Everything from the line holding "Começa coroação de" to the end of the data must be reproduced exactly; include both boundary lines and nothing else.
#### Given records
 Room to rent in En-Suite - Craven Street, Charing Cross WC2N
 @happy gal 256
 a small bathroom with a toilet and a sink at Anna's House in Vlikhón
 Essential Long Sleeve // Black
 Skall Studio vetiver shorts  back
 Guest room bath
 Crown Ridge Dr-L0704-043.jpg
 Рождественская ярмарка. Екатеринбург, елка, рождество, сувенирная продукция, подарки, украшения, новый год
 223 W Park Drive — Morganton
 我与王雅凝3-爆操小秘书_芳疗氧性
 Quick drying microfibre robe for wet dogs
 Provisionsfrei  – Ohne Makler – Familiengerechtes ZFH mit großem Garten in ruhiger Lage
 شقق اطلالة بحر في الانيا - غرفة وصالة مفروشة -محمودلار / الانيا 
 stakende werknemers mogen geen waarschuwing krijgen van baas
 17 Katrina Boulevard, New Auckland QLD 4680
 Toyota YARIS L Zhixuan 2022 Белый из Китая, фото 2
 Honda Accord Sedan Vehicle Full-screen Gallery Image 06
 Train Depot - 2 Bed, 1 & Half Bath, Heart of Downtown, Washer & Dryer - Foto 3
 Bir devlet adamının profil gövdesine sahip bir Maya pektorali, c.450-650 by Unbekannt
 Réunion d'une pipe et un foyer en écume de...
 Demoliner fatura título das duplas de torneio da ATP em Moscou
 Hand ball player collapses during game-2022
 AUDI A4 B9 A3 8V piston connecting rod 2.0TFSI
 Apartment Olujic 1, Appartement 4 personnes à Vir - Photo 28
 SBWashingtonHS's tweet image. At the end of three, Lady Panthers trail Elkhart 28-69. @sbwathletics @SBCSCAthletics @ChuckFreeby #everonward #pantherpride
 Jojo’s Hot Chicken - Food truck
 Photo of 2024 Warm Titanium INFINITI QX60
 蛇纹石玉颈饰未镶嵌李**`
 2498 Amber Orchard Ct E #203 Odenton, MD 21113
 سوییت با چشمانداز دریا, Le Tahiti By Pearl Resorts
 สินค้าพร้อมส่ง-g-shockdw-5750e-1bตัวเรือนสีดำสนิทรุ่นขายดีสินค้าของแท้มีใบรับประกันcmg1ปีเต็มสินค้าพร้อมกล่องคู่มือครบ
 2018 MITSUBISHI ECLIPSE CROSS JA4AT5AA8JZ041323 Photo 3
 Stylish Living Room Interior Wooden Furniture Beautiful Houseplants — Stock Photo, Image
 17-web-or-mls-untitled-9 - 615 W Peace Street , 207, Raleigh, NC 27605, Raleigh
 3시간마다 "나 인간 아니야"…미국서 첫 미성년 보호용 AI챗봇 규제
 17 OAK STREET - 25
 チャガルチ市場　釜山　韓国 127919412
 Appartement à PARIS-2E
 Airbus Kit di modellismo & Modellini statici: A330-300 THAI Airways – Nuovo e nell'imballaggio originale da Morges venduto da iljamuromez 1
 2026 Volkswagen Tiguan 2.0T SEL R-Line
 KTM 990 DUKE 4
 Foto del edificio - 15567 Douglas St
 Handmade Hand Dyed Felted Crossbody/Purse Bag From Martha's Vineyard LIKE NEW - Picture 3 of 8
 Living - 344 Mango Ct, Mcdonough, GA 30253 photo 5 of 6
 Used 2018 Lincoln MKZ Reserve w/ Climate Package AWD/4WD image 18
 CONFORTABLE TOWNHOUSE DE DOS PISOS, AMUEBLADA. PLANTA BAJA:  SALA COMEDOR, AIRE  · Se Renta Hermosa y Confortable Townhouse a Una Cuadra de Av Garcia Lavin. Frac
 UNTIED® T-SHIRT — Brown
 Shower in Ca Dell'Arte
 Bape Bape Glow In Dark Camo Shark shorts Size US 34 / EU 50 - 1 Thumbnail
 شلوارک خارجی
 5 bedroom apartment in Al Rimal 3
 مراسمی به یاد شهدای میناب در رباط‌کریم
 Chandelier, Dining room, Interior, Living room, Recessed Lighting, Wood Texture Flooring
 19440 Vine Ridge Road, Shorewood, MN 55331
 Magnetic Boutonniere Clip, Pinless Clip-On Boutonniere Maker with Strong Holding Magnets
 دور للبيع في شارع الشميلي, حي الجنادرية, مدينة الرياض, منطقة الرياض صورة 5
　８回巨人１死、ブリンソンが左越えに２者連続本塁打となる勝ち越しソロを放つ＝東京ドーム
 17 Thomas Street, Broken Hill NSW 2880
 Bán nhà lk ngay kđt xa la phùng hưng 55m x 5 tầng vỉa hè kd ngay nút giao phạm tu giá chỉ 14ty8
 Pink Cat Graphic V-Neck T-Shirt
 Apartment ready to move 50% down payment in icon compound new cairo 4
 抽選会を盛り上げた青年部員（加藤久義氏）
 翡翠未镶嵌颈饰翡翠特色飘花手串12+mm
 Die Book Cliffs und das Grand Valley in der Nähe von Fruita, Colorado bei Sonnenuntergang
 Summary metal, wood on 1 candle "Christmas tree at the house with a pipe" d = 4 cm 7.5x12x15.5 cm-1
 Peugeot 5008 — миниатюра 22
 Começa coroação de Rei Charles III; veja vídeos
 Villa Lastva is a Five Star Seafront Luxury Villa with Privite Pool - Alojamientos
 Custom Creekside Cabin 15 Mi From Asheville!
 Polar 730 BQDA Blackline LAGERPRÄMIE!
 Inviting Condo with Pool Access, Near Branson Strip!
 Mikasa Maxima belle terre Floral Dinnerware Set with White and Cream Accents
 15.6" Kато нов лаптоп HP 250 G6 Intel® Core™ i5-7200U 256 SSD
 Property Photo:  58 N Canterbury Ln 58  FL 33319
########
**Response to the task**
 Começa coroação de Rei Charles III; veja vídeos
 Villa Lastva is a Five Star Seafront Luxury Villa with Privite Pool - Alojamientos
 Custom Creekside Cabin 15 Mi From Asheville!
 Polar 730 BQDA Blackline LAGERPRÄMIE!
 Inviting Condo with Pool Access, Near Branson Strip!
 Mikasa Maxima belle terre Floral Dinnerware Set with White and Cream Accents
 15.6" Kато нов лаптоп HP 250 G6 Intel® Core™ i5-7200U 256 SSD
 Property Photo:  58 N Canterbury Ln 58  FL 33319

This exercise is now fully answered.